Já em 23 de fevereiro a Lua crescente, com cerca de 43% de disco iluminado, aproximou-se de Urano — distância aparente de 5°21′ — criando quadros visuais favoráveis para quem usa binóculos ou aplicativos de astronômicos.
Fenômenos como esse não são inéditos: em junho de 2022 cinco planetas se alinharam de forma visível, e em 2024 houve um desfile planetário de configuração semelhante. A próxima grande formação aparente do tipo é prevista apenas para 2040. Do ponto de vista físico, porém, trata-se de uma sobreposição bidimensional do nosso ponto de observação.
Ao longo da história, esses «trens planetários» serviram de sinal para interpretações culturais e sistêmicas. Os babilônios os registravam em tabuletas cuneiformes, associando planetas a deuses como Marduk e Ishtar; maias e astecas integravam-nos a calendários rituais; na China imperial eram vistos como presságios dinásticos ou de crise; na Grécia clássica, filósofos como Aristóteles teceram reflexões sobre esferas celestes perfeitas. Essas narrativas mostram como o céu funciona como uma camada de infraestrutura simbólica para sociedades humanas.
No campo da astrologia contemporânea, o evento de 28 de fevereiro é descrito por alguns praticantes como um momento de intensificação — um suposto “portal decenal” onde energias arquetípicas se sobrepõem, favorecendo revisões, decisões e transformações coletivas e individuais. Interpretações comuns listam efeitos atribuídos a cada planeta:
- Mercúrio: clareza, diálogos reveladores e surfacing de verdades que exigem ajustes na comunicação.
- Vênus: foco em relacionamentos, valores e necessidade de conexões autênticas ou mudanças de dinâmicas.
- Júpiter: impulso de expansão e visão, com atenção ao risco de exageros.
- Saturno: chamada à disciplina, estruturação e revisão de bases.
- Urano: potencial de reinvenção e rupturas disruptivas na carreira ou identidade.

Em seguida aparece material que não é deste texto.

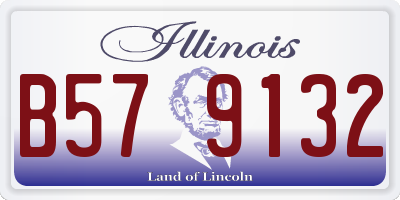 IL license plate B579132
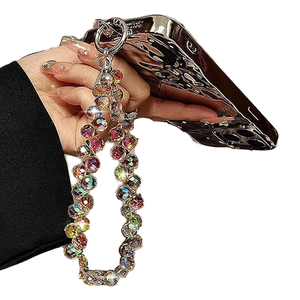 H K EXPORTS HK19 Dragonne de téléphone perlée en cristal étincelant, breloque, cordon pour téléphone portable, porte-clés, accessoires de sac DIY - Product Image 4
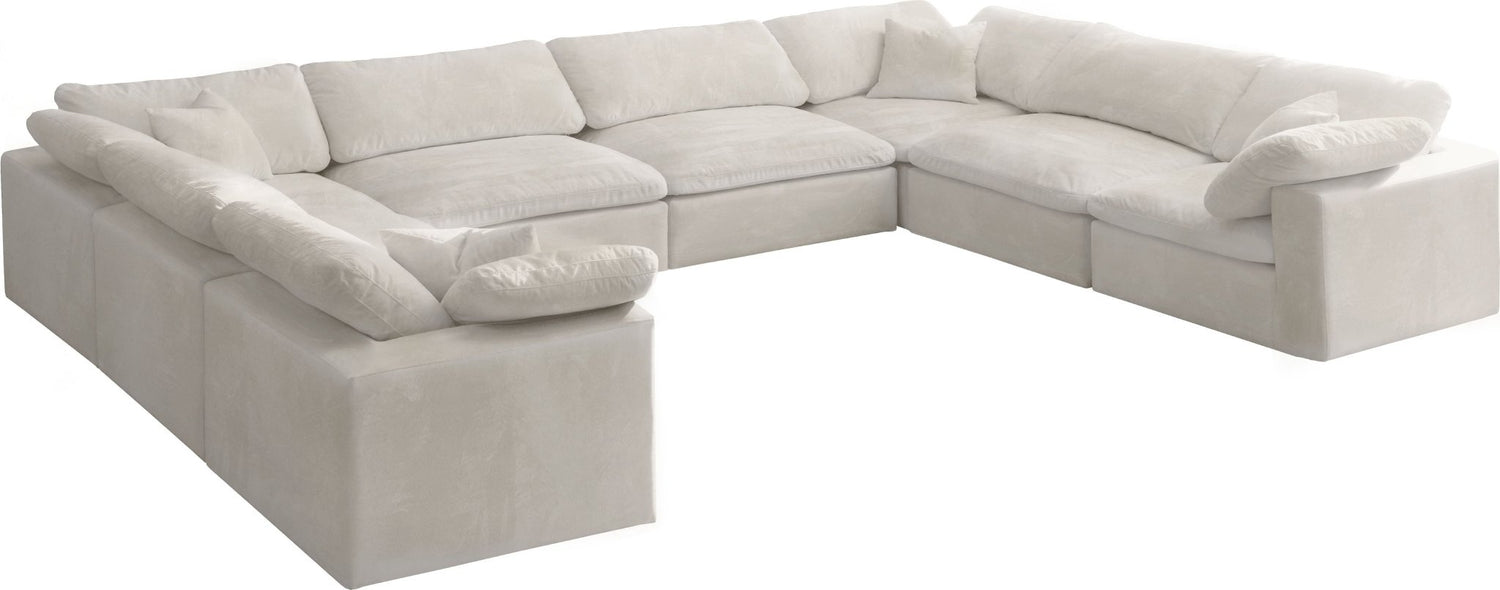 Cozy - Modular Sectional Cloud 8 Piece - Beige | Home Elegance USA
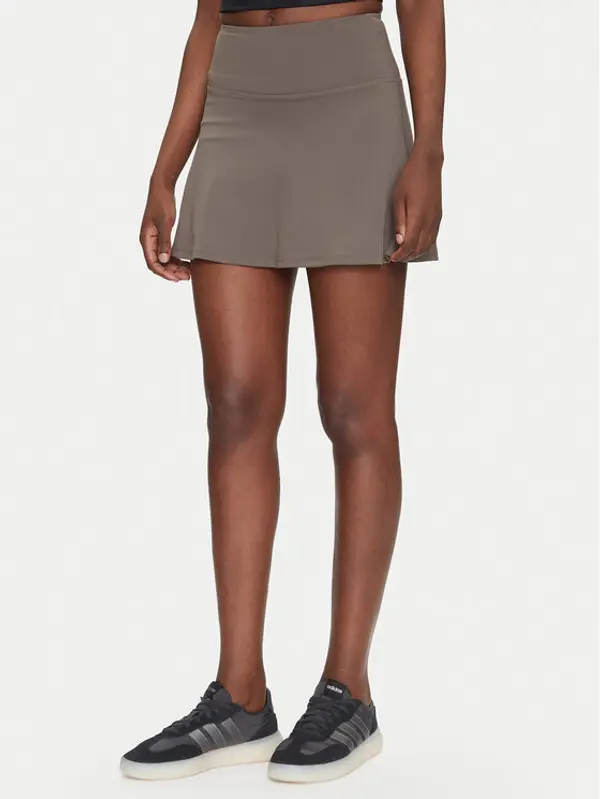 Girlfriend Collective Girlfriend Collective Mini suknja Float 4045 Bež Regular Fit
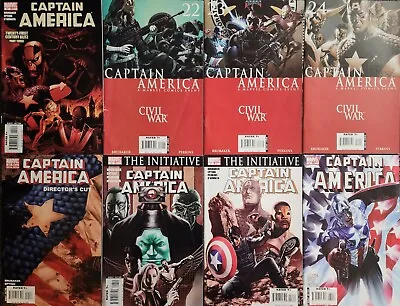 Buy Captain America 20, 22-27 34 Marvel Comic Book Lot Falcon Civil War Special 2006 • 36.31£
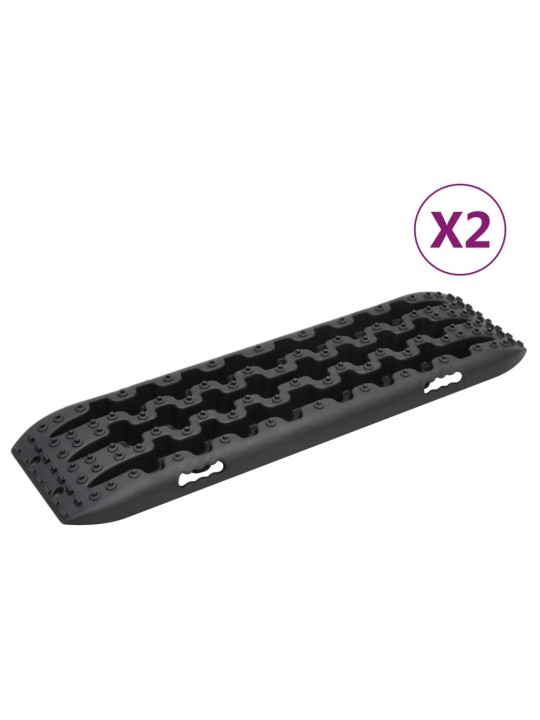 VEOPLAADID 2 TK, MUST, 106 X 30,5 X 7 CM, NAILON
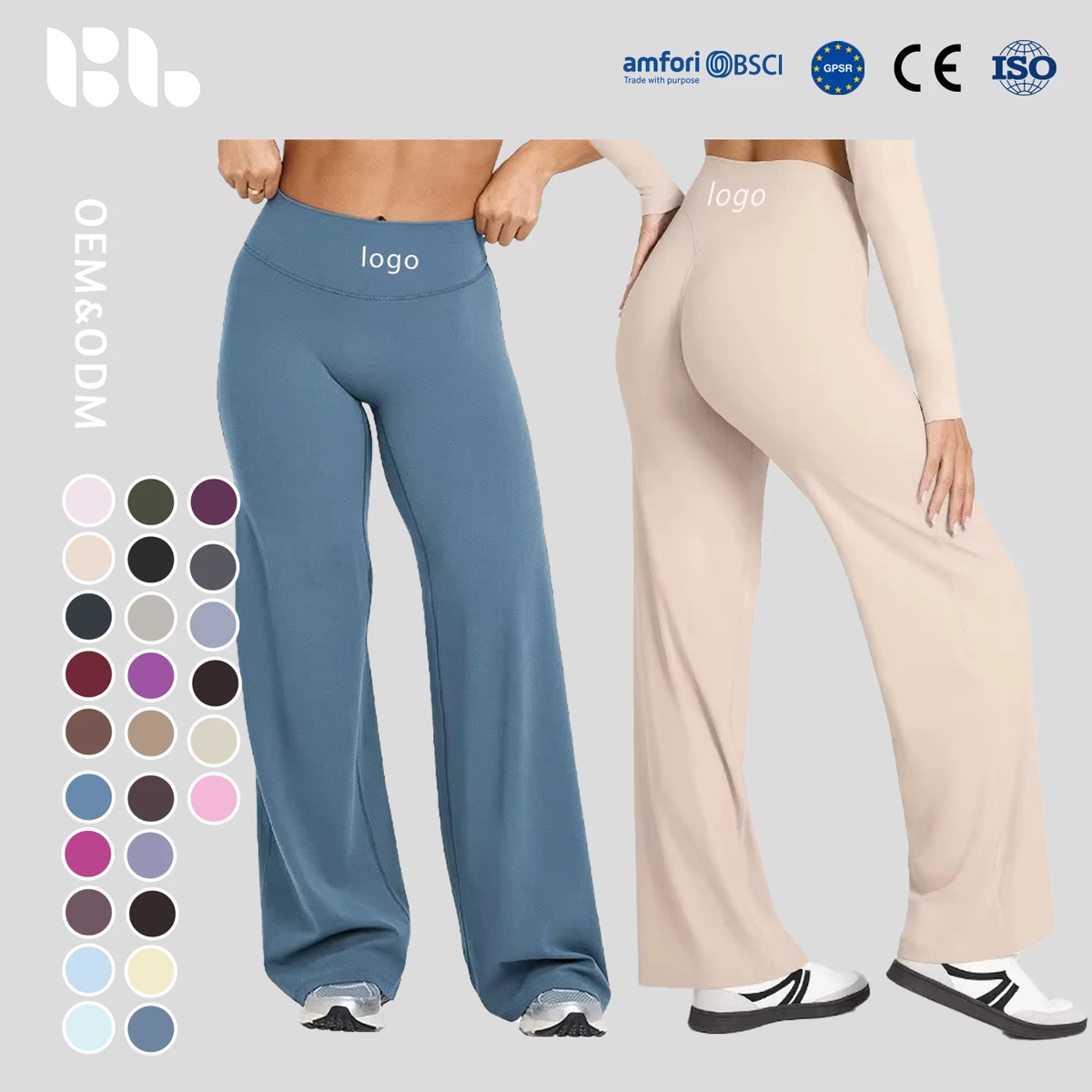 Women's High Waist Solid for Yoga Pants Breathable Straight Leg Loose Slimming Sports Outdoor Fitness Clothing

- Netuno: aumento de inspiração e intuição, acompanhado de possibilidade de confusão ou dissolução de ilusões.
Fontes populares de leitura astrológica, como canais independentes e plataformas de consulta, interpretam esse agrupamento como gatilho para ciclos de transformação. Do ponto de vista científico, entretanto, o que muda é apenas a nossa percepção: uma sincronização visual, não uma alteração na mecânica celeste.
Para quem pretende observar: escolha um local com horizonte oeste desobstruído, longe de luzes urbanas. Binóculos simples melhorarão a visualização de Urano e telescópios amadores poderão revelar Netuno. Use aplicativos de mapa estelar para identificar constelações e coordenadas locais — a cena é mais um convite à contemplação do sistema solar como uma malha dinâmica do que um evento que afete diretamente nossas infraestruturas terrestres.
Em termos simbólicos, a parada planetária funciona como um lembrete: assim como redes e sistemas urbanos têm momentos de sincronização e latência, o céu também exibe padrões que nos ajudam a marcar tempo e repensar prioridades. Não é espetáculo sobrenatural, mas uma janela para entender camadas de interação entre observador, instrumento e cosmos.